Lung toxicity of mice exposed to the rifle smoke PM, water-soluble components, water-soluble components without metal ions (low-metal), and water-insoluble components. (A) Neutrophil numbers, (B) LDH levels, (C) Protein levels, (D) Micro albumin levels, (E) NAG levels, (F) GGT levels, (G) IL-6 levels, (H) MIP-2 levels, (I) TNF-α levels. Mice were exposed to the PM (20µg) by oropharyngeal aspiration and BALF was obtained at 4 and 24h post exposure. Data are mean ± SEM obtained from 6 mice for each group. *p < 0.05 compared with saline-exposed group (a negative control) from the same time point (one-way ANOVA with post-hoc Dunnett's test).

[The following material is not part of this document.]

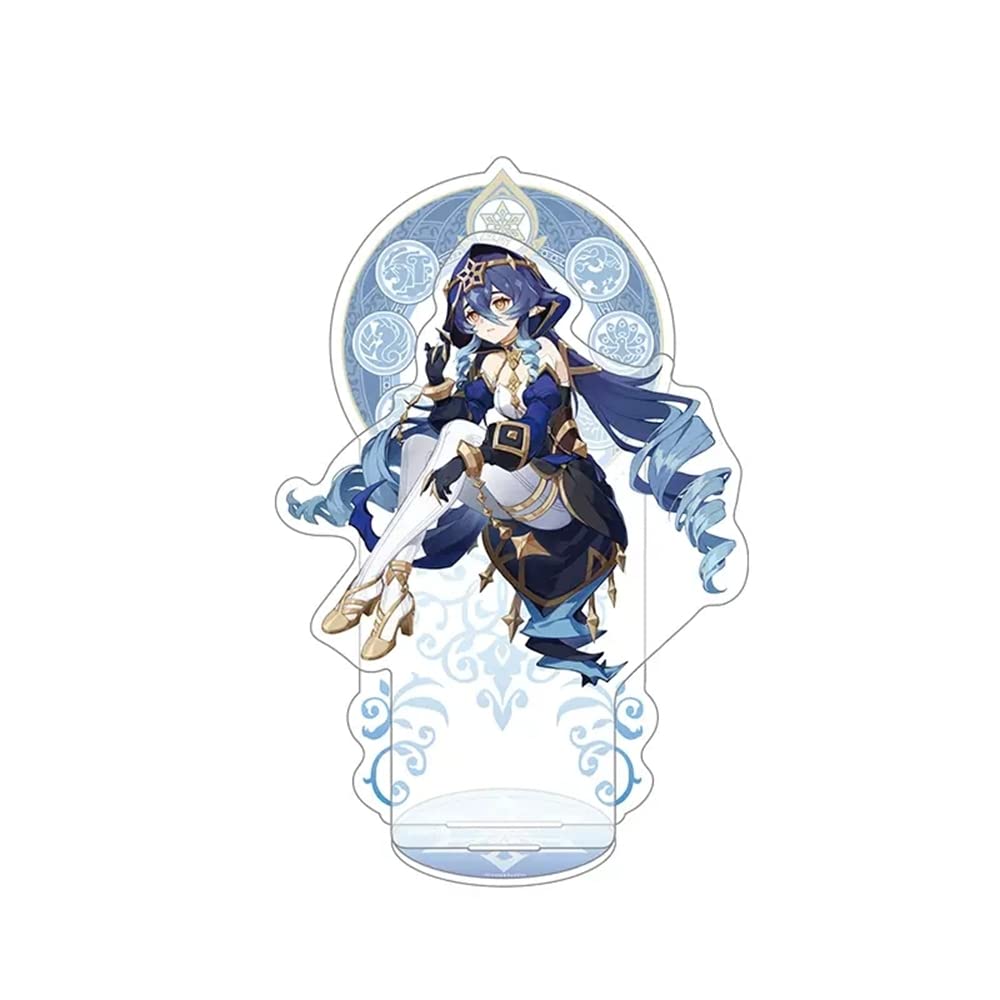 原神 レイラ チケットファイル 27枚 まとめ売り 原神 レイラ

At 4 and 24h post-exposure, only the water-insoluble sample from the rifle fire PM significantly induced respiratory changes to the same degree as the rifle smoke PM (Fig.7). Penh, TV, PIF and PEF were significantly increased in response to the insoluble sample at 4 or 24h post-exposure (Fig.7A–F). Ti and Te levels in association with the insoluble sample were also increased but not significantly different from baseline at any time points. Similarly, the insoluble sample decreased f, MV, and RT levels at 4 or 24h post-exposure but significant decreases were only observed in RT (Fig.7G–I). The water-soluble sample induced some changes in respiratory parameters (Penh, PEF, and RT) that were lesser in magnitude than the changes caused by the rifle PM; these responses were markedly reduced or neutralized with chelation (the low-metal sample) at all time points.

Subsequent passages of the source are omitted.